For the moment at least, Carroll County High School’s tennis teams are homeless.
The tennis courts at Carroll County High School, where the Cavaliers and community members have played tennis for well over 20 years, were shut down March 18 prior to a scheduled boys’ tennis match with Galax High School because of large cracks throughout the courts. At that time, Carroll County Superintendent of Schools Dr. Strader Blankenship ordered the courts shut down until further notice.
“When Galax came they had concerns about kids being hurt. I agreed with them that the cracks were dangerous to play on, so I asked if they cared if we rescheduled,” Blankenship said. “The courts have really big cracks in them and we basically shut it down. I was afraid kids were going to get hurt stepping in them.”
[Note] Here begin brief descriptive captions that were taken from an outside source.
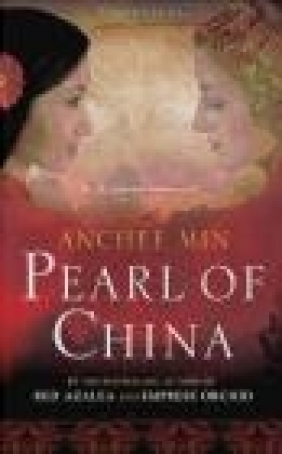 Pearl of China  Min Anchee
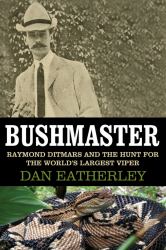 Bushmaster : Raymond Ditmars and the Hunt for the World's Largest Viper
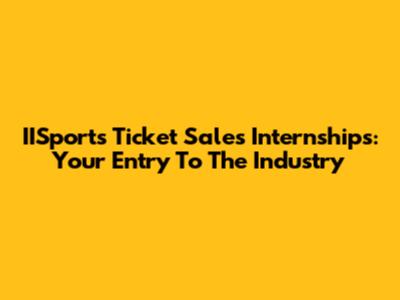 IISports Ticket Sales Internships: Your Entry To The Industry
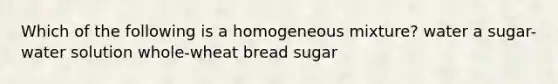 Which of the following is a homogeneous mixture? water a sugar-water solution whole-wheat bread sugar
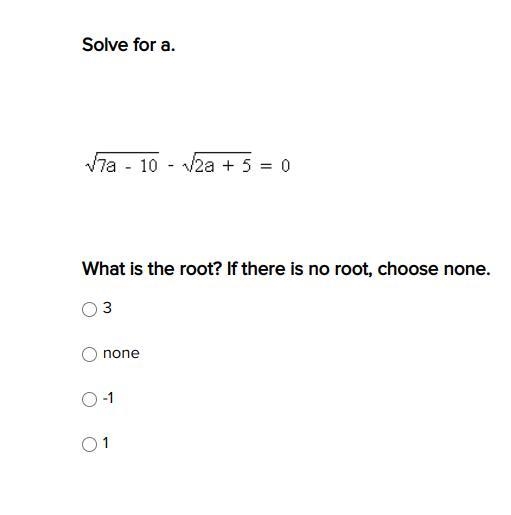 Solve for a. What is the root? If there is no root, choose none.-example-1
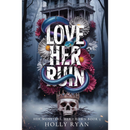 Love Her Ruin By  Holly Ryan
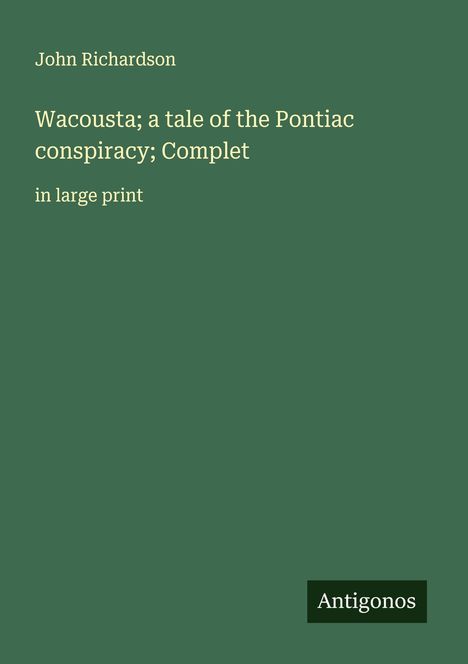 John Richardson: Wacousta; a tale of the Pontiac conspiracy; Complet, Buch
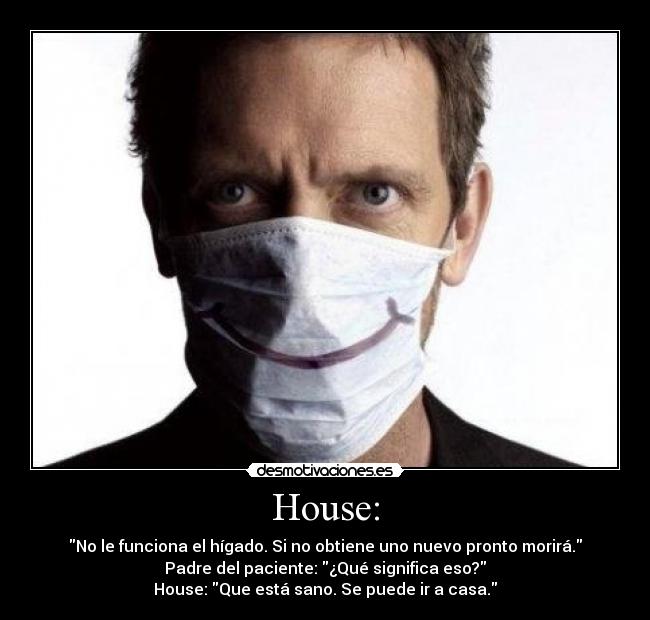 House: - No le funciona el hígado. Si no obtiene uno nuevo pronto morirá.
Padre del paciente: ¿Qué significa eso?
House: Que está sano. Se puede ir a casa.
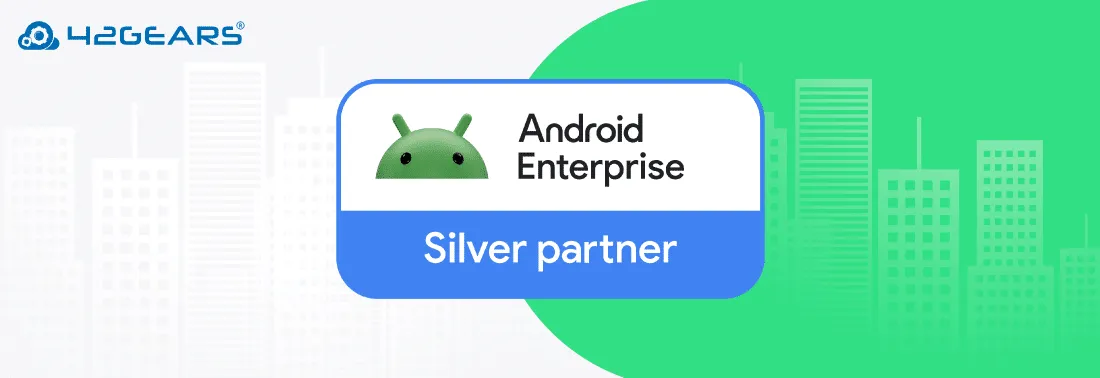 42Gears Achieves Silver Partner Status in the Android Enterprise Partner Program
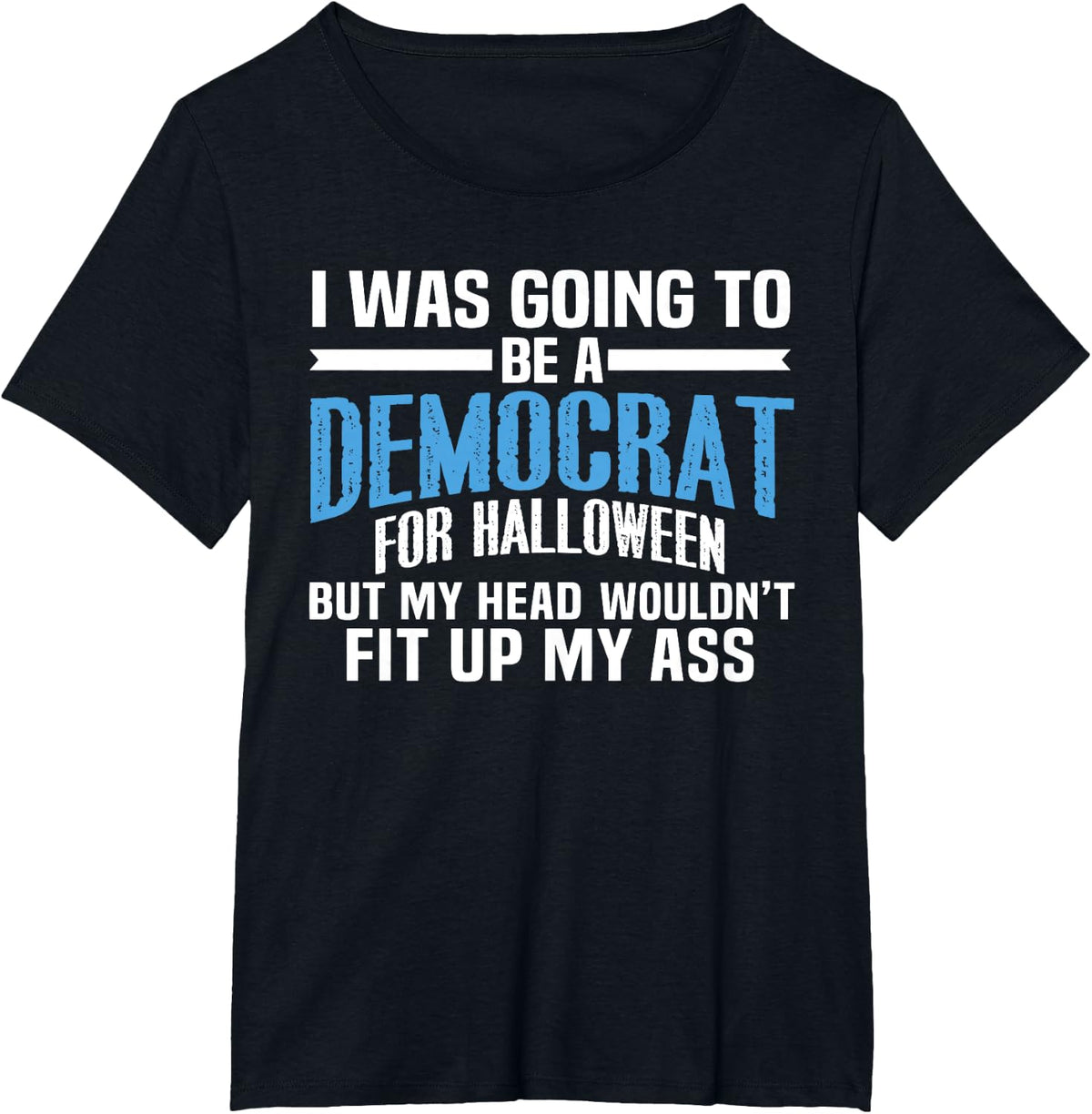 I was Going to Be A Democrat for Halloween Political T-Shirt T-Shirt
In the meantime, Blankenship said he has asked Eddie Vaughn, the school system’s maintenance supervisor, to patch the cracks up so the tennis teams can finish the varsity season at home. The weather has delayed repairs, however, because patches can’t be done until it warms up, Blankenship said.
“And a patch isn’t going to do it for very long,” Blankenship said. “The tennis courts will have to have some major work.”
Until temporary patches can be completed, both tennis teams have to play all matches on the road. Making matters worse, there aren’t many options available for practice, either.
“The tennis teams can’t play or practice there. We are looking for a place for them to practice. Hopefully, if we can get warm weather, it won’t take but about a week,” Blankenship said. “I’ve asked them to check at a couple of places around for practice and there aren’t that many options. Olde Mill Golf Resort has tennis courts and there is maybe one other place. They can practice hitting indoors, but there is no net, so it is not a very lifelike practice.”
Tinsel Slate, head coach of Carroll’s girls’ tennis team, said the lack of a tennis court hasn’t been too much of a problem so far. The weather has been too cold for the team to practice outside most of this spring anyway, she said.
Angel Maggio, head coach of Carroll’s boys’ tennis team, said her team has just been doing a lot of running since March 18. She said the team tried to practice inside at Carroll County Intermediate School, but had to share the gym with softball and baseball teams. She said it seemed like the team spent most of its time dodging softballs and baseballs that day, so that option didn’t work too well, either.
“It’s been a challenge, but you do what you can do. We’ve been told we can practice at Olde Mill, but we’ve mostly just been running,” Maggio said. “We have a young team this year. We only had two returning players from last year so we had a lot of spots open. It was only our third day together when they closed off the tennis courts, so we’ve not had a lot of time to work together as a team.”
Blankenship said it’s not a good situation for the tennis teams or community members who also utilize the tennis courts for recreation. But safety always has to be the number one concern, he said.
“Not only the tennis teams, it’s also the community. I’ve asked them to close it off so that nobody can play. I don’t want anybody getting hurt,” Blankenship said. “Eddie Vaughn is looking into a long-term solution, and I don’t even know what that would be at this point. It’s probably going to take a good chunk of time and resources, we just don’t know yet. My understanding is the courts had a two-foot base underneath them when they built it and it’s just not holding up as well as we would like. We don’t know if they will have to be replaced or just repaired, but safety is the number one issue here.”